Each line below must be reproduced exactly.

START Dataset excerpt

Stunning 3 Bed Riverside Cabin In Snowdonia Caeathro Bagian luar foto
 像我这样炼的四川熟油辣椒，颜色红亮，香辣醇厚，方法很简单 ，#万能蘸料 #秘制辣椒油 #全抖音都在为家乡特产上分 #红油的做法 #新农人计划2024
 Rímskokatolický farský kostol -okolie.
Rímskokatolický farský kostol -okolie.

END Dataset excerpt

* _Output below_
Stunning 3 Bed Riverside Cabin In Snowdonia Caeathro Bagian luar foto
 像我这样炼的四川熟油辣椒，颜色红亮，香辣醇厚，方法很简单 ，#万能蘸料 #秘制辣椒油 #全抖音都在为家乡特产上分 #红油的做法 #新农人计划2024
 Rímskokatolický farský kostol -okolie.
Rímskokatolický farský kostol -okolie.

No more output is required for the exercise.